To the editors:
Professor Sheehan’s “Gospel of Thomas” [April 21] may be the Gospel of Academia, but it is most assuredly not the Gospel of the Church, the Good News of Jesus Christ.
The Good News which we as believers in Jesus [the] Christ proclaim is that out of total and complete love–and for no other reason–God condescended to become a human being, and in so doing brought us into life with Him. We believe that God our Father created us that we might live in eternal fellowship with Him, as close to his heart as a woman is to her husband. Yet we, exercising the freedom to love–or to not love–with which we were made, chose to reject this purpose in favor of the allusions surrounding independence and the belief that we and our world are absolute. But despite our rejection of God, God would not abandon His purpose. He would not forsake us, but continued to reach out to us, seeking to draw us into the eternal fellowship of love which He is. These efforts on the part of God culminated in His taking on flesh in the Person of Jesus. This Jesus walked the earth, taught the way of fellowship with God, and died a death which removed once and for all the impediment to union which we had put in the way of God’s plan. He was able to do this because He, though human, was unlike any who had ever lived in that He was God, and therefore He alone was able to live the perfect life of unselfish devotion to others and to God. And to reveal that this life of Jesus was the life of God, that His way was the way, that his death did in fact remove the obstacle of our self-absorption, God the Creatore re-created Jesus in the flesh, manifesting to all that in Him God showed Himself as the Saviour of the people He had brought into being. Thus the resurrection reveals God’s action, which He took alone, to save us and fulfill His plan in creation. In it our flesh, united as it is to the God-Man, can finally be taken into fellowship with God–beginning now and for all eternity–by those who believe upon Christ, confessing Him as God’s Son, Lord and Saviour. The objective action of God need only be appropriated within the subjective experience of our lives. If this were not so, the sacrifice of Jesus would make little sense (for why would God condescend to die if salvation was available through other means?), and our new love of God would have little real substance (not being actually our own).
Thus it is easy to see how Thomas and Jesus differ. The arguments he lays forth concerning historical criticism (most of which are academically questionable and controversial) mean little in the face of the knowledge that the Scriptures, inspired by the Holy Spirit, must point to Christ. Christ is the embodiment and the source of the Kingdom He proclaimed. The action of the Holy Spirit within the life and proclamation of the Church as it bears witness to Christ must not be discounted, for apart from the Spirit there is no true understanding of Jesus. And apart from Jesus and His substantial resurrection, there is no real freedom from the chains that bind us to ourselves. There is no real salvation–now or any time–for the flesh and the material world as created by God.
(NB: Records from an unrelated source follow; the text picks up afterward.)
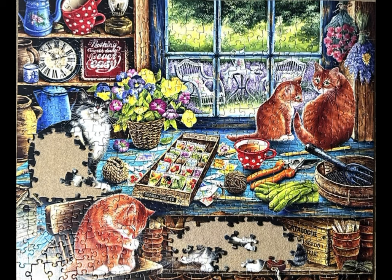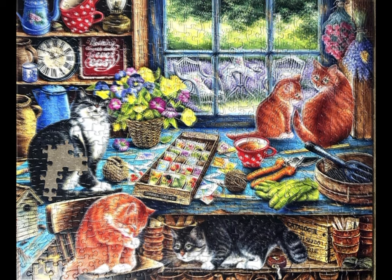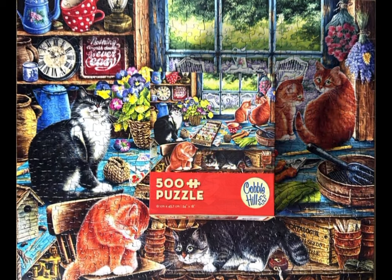As I may have already mentioned, it's 500 pieces. I know I just did a cat puzzle, but when I got this in the mail yesterday I just had to do it, and I'm so glad I did. I loved it and now on to the next one. Thank you for watching.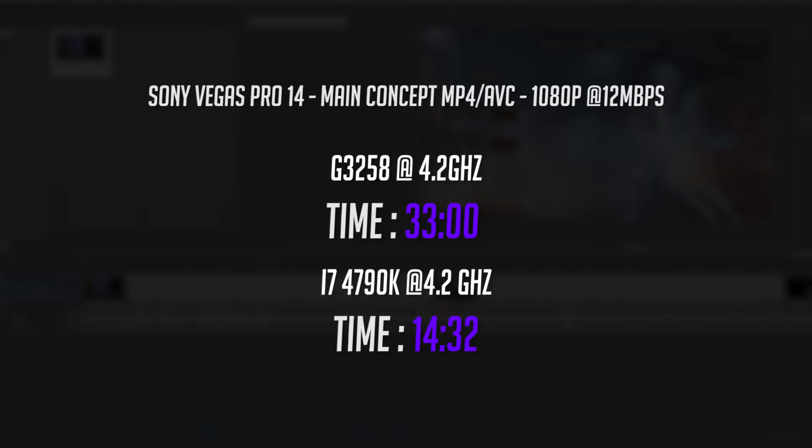Sony Vegas Pro 14 next, and exporting the same file in 1080p at 12mbps using what seems to be the most popular codec among YouTubers. The G3258 took a staggering 33 minutes to render, and once again the i7 finished in over half the time with just 14 minutes and 32 seconds. All I can say is, if you are a serious content creator or professional, you may want to go with Premiere Pro to save yourself a lot of waiting around, regardless of which CPU you use.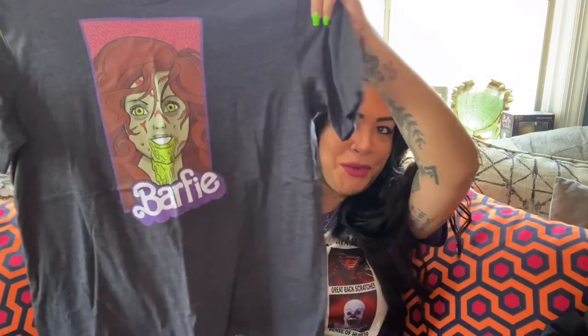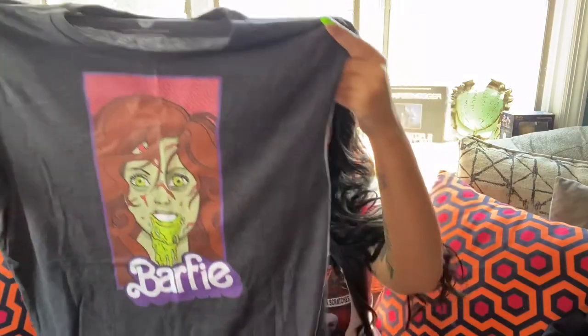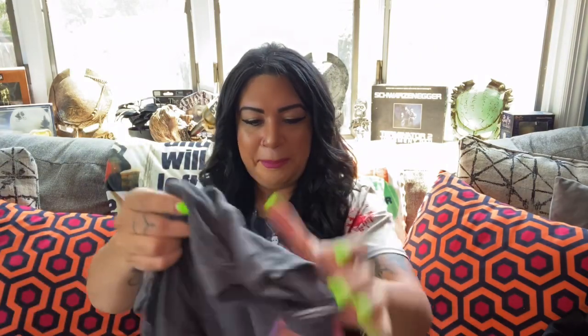The last thing I got from Creepy Co., which I was really excited for — it came separate from the other two — is Barfy. With the new Exorcist movie coming out and Barbie being such a hit, I was like, Barfy — that is awesome. It does smell though, kind of like vinegar, but washing it should hopefully get rid of that. It is stretchy, which is cool. I love it — I'm obsessed. Definitely love stretchy t-shirts; I don't like that stiff material where it makes me look like a box. This is Salem Cellar approved, I just need to wash it immediately.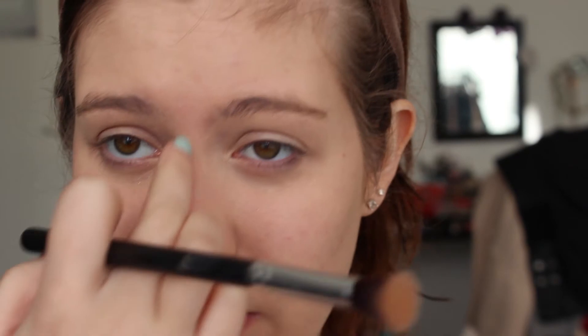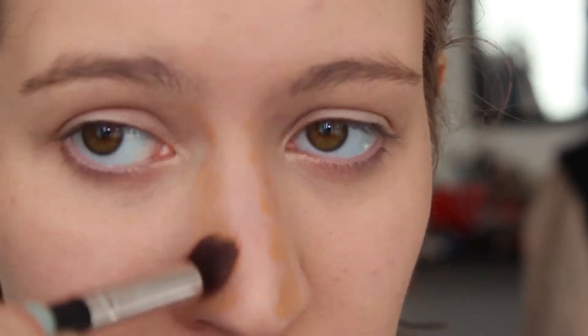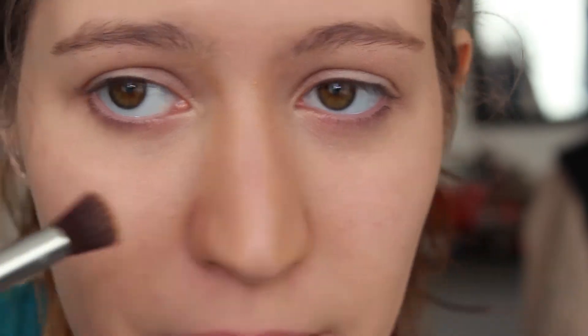The next step is bronzing. I actually make this line more visible so my nose looks smaller, and I use a lot darker foundation for this. I also love to conceal around my eyebrows and I use this concealer from Essence.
It is appropriate that you named your article, “The Gospel According to Thomas,” for the ancient Gospel of Thomas is one of the great heretical texts in the early Church. It fell out of circulation not because of academic or clerical refutation, but because it didn’t square with the Jesus people knew in their hearts and in the Church. That Jesus is the God who loved them enough to die a horrendous death–that Jesus loved them enough to bring their whole created selves (flesh and all) into eternal life with Him, eternal life that begins now in everlasting fellowship with our Triune God (Fr, Son, Holy Spirit). This truth can never ben known within the minds of academia; it has always been “foolishness” to the arrogantly wise of this world. But it is a true, deep, and abiding reality within the hearts of believers, for it is nothing less than Jesus the Christ, alive at the right hand of the Father, known by faith to be in our midst.
Rock Schuler
Candidate for the Priesthood
The Episcopal Church
Student, Seabury-Western
Theological Seminary
Robert McClory replies:
Mr. Schuler eloquently presents the fundamentalist position–namely, I’m secure in my beliefs, so don’t ask me to think.